───── SOURCE DATA
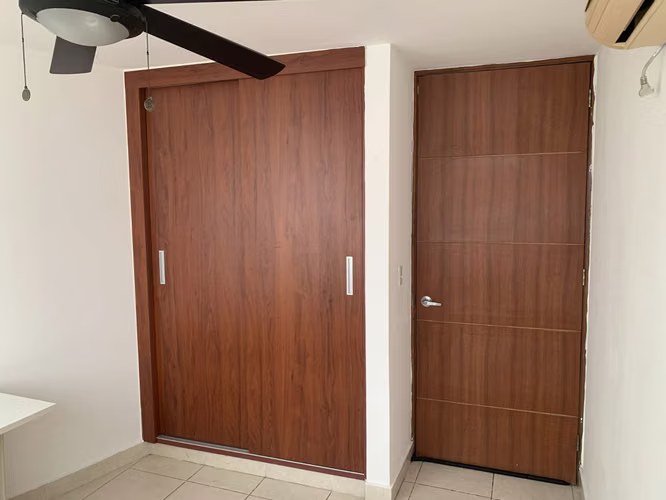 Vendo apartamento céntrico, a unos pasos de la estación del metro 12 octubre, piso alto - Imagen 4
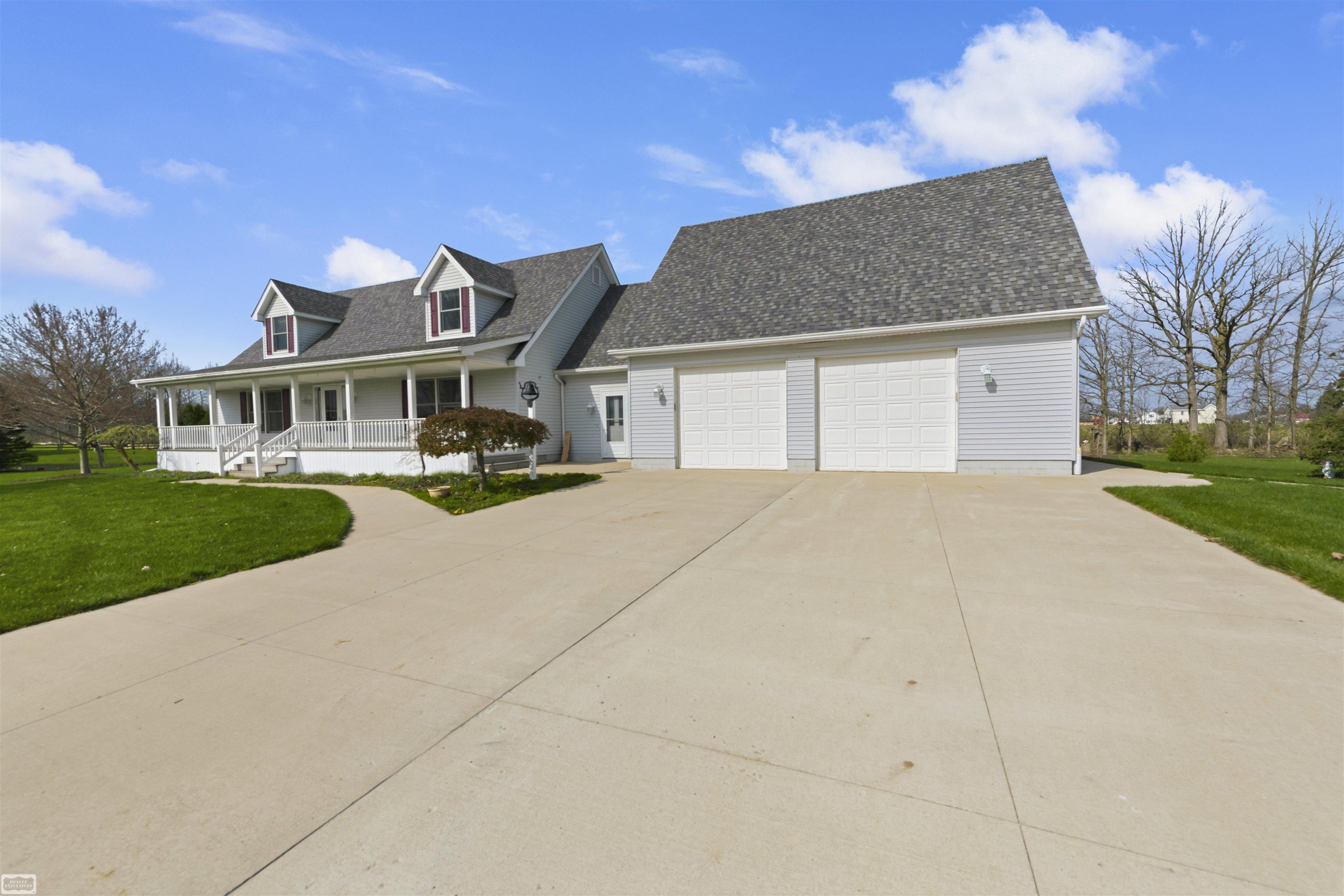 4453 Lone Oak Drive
──────────
───── SOURCE DATA
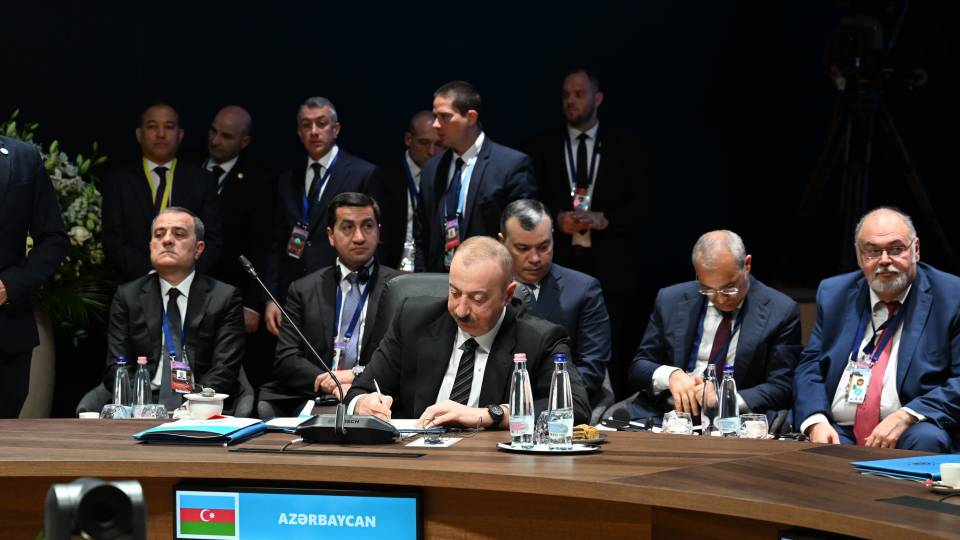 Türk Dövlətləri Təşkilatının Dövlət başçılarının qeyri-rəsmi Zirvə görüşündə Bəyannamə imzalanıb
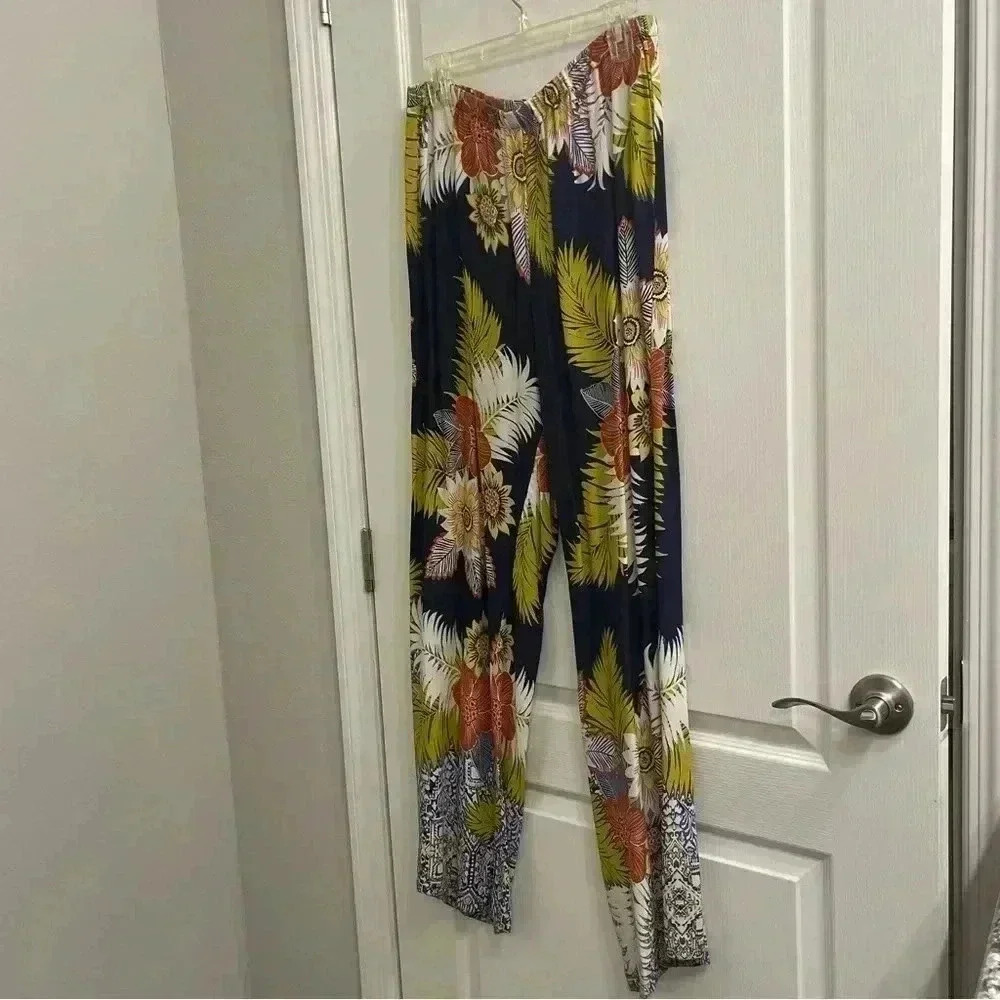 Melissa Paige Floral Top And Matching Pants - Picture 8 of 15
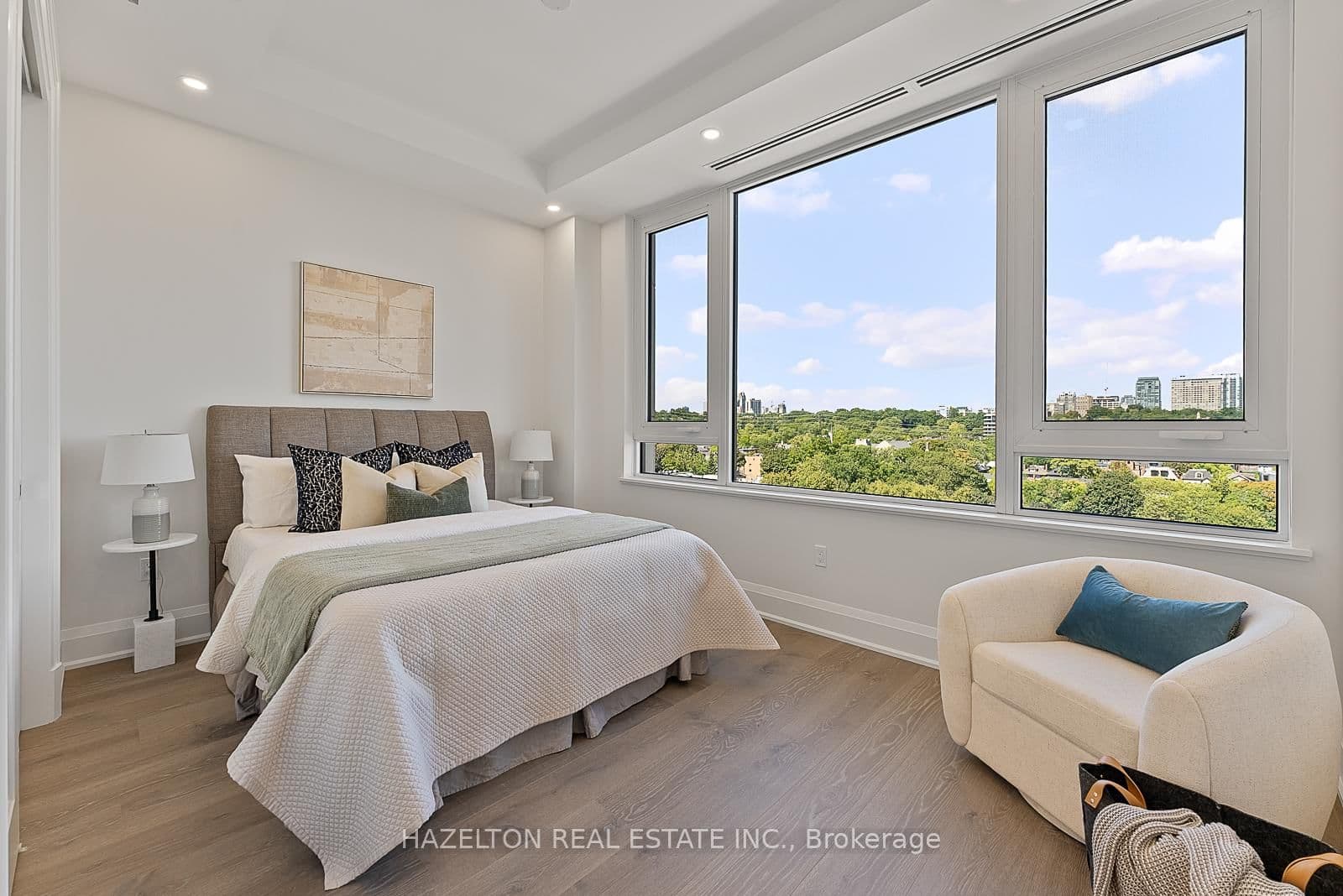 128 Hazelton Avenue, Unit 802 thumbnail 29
──────────
- PROMPT
Your answer is the exact run of lines above from the one with "Vendo apartamento céntrico, a" through the one with "4453 Lone Oak Drive", both ends included, minus any picture.

- EXERCISE OUTPUT
 Vendo apartamento céntrico, a unos pasos de la estación del metro 12 octubre, piso alto - Imagen 4
 4453 Lone Oak Drive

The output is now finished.